D’après les essais cliniques, les fabricants des vaccins contre le SRAS-CoV-2 recommandent deux doses à des intervalles précis pour parvenir à une efficacité optimale. Étant donné les pénuries de vaccins, les pays ont dû prendre la décision difficile de retarder la seconde dose pour qu’un maximum de personnes puissent recevoir une première dose. Depuis, on a constaté qu’un intervalle plus long entre les deux doses pourrait en fait améliorer l’immunité.

Selon la recommandation du Comité consultatif national de l’immunisation (CCNI) du Canada, la deuxième dose peut être administrée jusqu’à quatre mois après la première. Les modèles de l’Agence de la santé publique du Canada indiquent également que les intervalles entre les doses pourraient être prolongés jusqu’à six mois. Cependant, il faudra un suivi continu, à long terme, dans la vie réelle et dans le cadre d’essais cliniques, pour connaître la véritable durée de la protection.

La plupart des vaccins sont administrés en deux doses pour conférer une protection maximale contre le SRAS-CoV-2. Les vaccins Comirnaty de Pfizer-BioNTech, Spikevax de Moderna et Vaxzevria d’Oxford-AstraZeneca sont tous offerts en deux doses, tandis que celui de Johnson & Johnson est administré en une seule dose. Selon les essais cliniques, la première dose de chacun des quatre vaccins est efficace pour prévenir la COVID-19 symptomatique à compter de deux semaines après l’administration.
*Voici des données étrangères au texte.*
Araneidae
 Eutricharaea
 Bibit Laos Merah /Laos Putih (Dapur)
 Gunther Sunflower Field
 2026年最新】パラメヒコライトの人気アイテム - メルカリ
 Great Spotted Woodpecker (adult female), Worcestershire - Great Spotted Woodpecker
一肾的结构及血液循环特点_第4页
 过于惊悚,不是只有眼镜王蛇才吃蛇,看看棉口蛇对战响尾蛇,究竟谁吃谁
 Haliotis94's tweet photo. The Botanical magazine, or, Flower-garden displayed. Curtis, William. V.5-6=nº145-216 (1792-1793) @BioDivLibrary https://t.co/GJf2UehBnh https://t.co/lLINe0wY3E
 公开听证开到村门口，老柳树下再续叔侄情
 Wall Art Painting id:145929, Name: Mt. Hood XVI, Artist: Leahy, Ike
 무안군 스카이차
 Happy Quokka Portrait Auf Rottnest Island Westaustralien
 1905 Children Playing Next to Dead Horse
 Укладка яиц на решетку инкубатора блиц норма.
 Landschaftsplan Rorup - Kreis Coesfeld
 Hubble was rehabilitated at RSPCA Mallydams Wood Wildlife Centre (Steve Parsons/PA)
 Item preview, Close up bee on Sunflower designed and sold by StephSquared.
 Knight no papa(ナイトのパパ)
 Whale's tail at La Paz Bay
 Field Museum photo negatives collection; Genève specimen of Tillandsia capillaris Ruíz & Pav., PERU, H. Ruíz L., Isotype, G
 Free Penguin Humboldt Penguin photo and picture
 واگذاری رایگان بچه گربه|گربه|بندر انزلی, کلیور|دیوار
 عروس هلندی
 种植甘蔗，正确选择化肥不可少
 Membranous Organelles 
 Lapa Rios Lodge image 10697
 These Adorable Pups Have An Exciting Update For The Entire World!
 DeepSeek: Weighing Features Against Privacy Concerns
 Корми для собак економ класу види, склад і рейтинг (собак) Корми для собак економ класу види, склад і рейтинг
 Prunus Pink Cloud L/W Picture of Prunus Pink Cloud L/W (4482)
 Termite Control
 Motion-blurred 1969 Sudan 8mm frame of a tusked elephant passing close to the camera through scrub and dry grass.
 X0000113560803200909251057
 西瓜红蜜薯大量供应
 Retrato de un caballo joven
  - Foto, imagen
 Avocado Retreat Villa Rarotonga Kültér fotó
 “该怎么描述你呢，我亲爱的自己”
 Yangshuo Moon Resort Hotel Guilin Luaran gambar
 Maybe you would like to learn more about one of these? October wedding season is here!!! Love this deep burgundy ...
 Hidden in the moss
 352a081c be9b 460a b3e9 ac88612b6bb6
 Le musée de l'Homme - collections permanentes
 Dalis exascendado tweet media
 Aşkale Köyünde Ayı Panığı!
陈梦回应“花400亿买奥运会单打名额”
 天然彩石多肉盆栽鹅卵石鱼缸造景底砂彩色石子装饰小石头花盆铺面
Dans le cas des vaccins administrés en deux doses, la première attise la mémoire immunologique, tandis que la deuxième la stimule pour assurer une protection à long terme. Ainsi, après une période d’exposition plus longue, l’organisme peut produire plus d’anticorps et de cellules mémoires pour se débarrasser du virus. La protection conférée par la première dose est moins élevée que l’efficacité assurée par la seconde dose. En effet, les taux optimaux des réponses humorale et cellulaire sont observés après la deuxième dose.

On parle d’infection postvaccinale lorsqu’une personne entièrement vaccinée contre une maladie, comme la COVID-19, est infectée de nouveau. Cela signifie donc que le virus a réussi à contourner le dispositif de protection découlant de la vaccination. Les vaccins contre la COVID-19 ne sont pas efficaces à 100 %, c’est pourquoi il est possible de contracter une infection postvaccinale. Par contre, les infections postvaccinales sont principalement asymptomatiques ou légèrement symptomatiques. La vaccination contre la COVID-19 demeure le meilleur moyen de se protéger contre les formes sévères de la maladie et de prévenir l’hospitalisation ou le décès à la suite d’une infection au SRAS-CoV-2.